1. The problem statement, all variables and given/known data
If f is a continuous mapping of a metric space X into a metric space Y, Let E be any subset of X. How to show, by an example, that f($$\overline{E}$$) ($$\overline{E}$$ is the closure of E) can be a proper subset of $$\overline{f(E)}$$ ? And is there something wrong with my attempt below?

2. Relevant equations

3. The attempt at a solution
If E is compact, $$\overline{E}$$ = E, f(E) is compact, $$\overline{f(E)}$$ = f(E).
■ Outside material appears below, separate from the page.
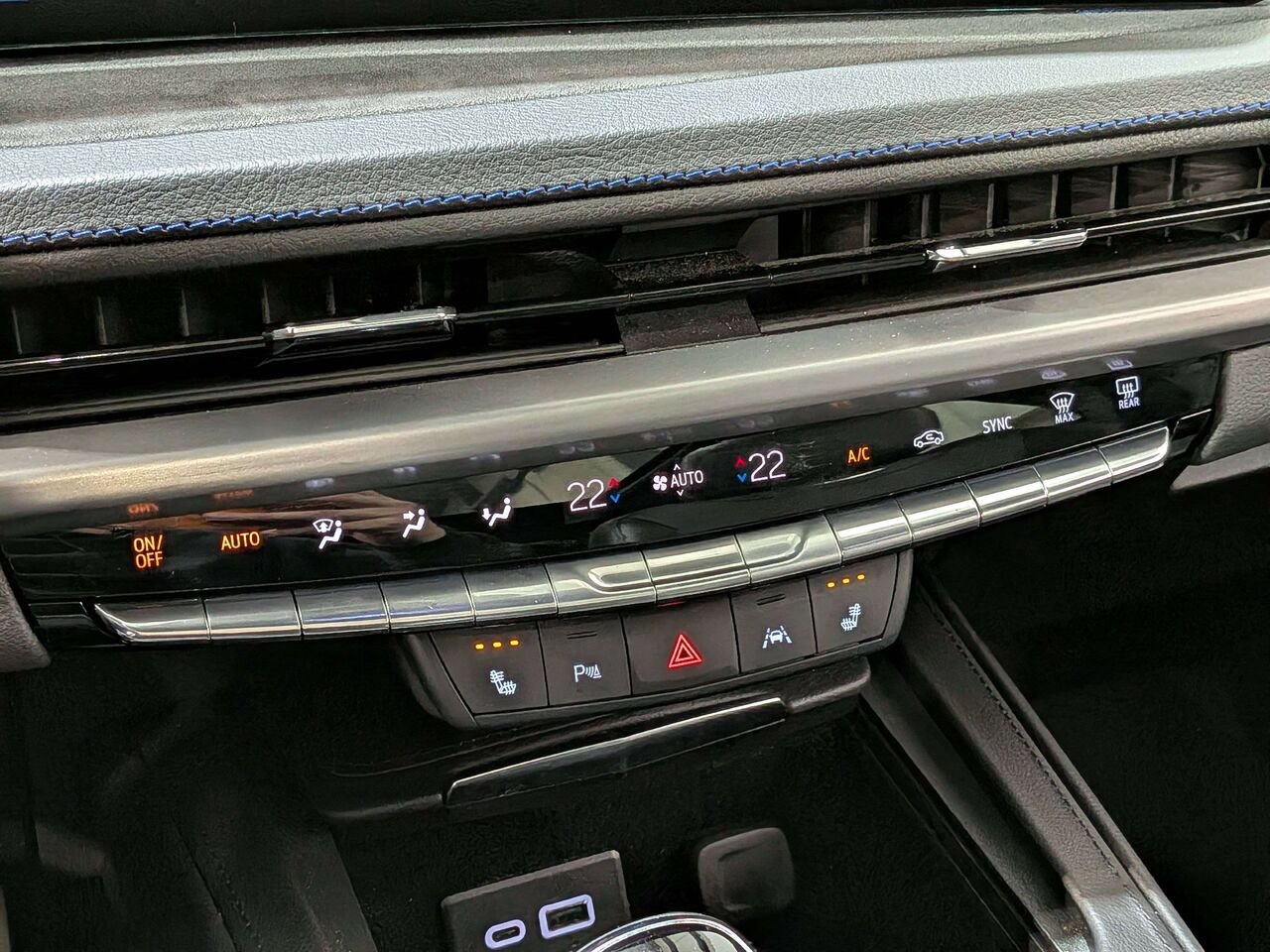 Cadillac XT4 AWD 4dr Sport 2024 Rouge Mirabel - photo #25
Hence, f($$\overline{E}$$)= $$\overline{f(E)}$$
If E is not compact, $$\overline{E}$$ is closed and hence is compact, if E is bounded in R^{k}. f($$\overline{E}$$) is compact and hence $$\overline{f(\overline{E})}$$ = f($$\overline{E}$$).
since f(E) $$\subset{f(\overline{E})}$$ , $$\overline{f(E)}$$ $$\subset{\overline{f(\oveline{\overline{E}})}}$$ = f($$\overline{E}$$). It is also true that f($$\overline{E}$$) $$\subset{\overline{f(E)}}$$. Hence f($$\overline{E}$$) = $$\overline{f(E)}$$
In both cases, f($$\overline{E}$$) is not a proper subset of $$\overline{f(E)}$$

I've no idea of other kind of function that is continuous and with E otherwise defined.
Any hint would be greatly appreciated:)

2. Aug 6, 2008

### HallsofIvy

Staff Emeritus
?? The problem was to show that f($$\overline{E}$$) can be a proper subset of $$\overline{f(E)}$$ and you have given two examples where that is NOT true. What's "wrong with that" is that you haven't answered the question!

3. Aug 6, 2008

### Dick

Exactly. You want an example. There are perfectly fine examples from R->R. You don't need anything exotic. Can you find one? Hint, think about what happens if f has a horizontal asymptote.

4. Aug 6, 2008

### boombaby

to HallsofIvy,
I gave those two examples because I could not find a disired example :(

to Dick,
O I think I get it now...Let E=[1,$$\infty$$), f(x)=1/x and everything is done.....it is strange that I didn't get it...

Thanks a lot to all :)

5. Aug 6, 2008

### Dick

Not too strange. You were only thinking of bounded sets. This is called "thinking in the box". You're welcome.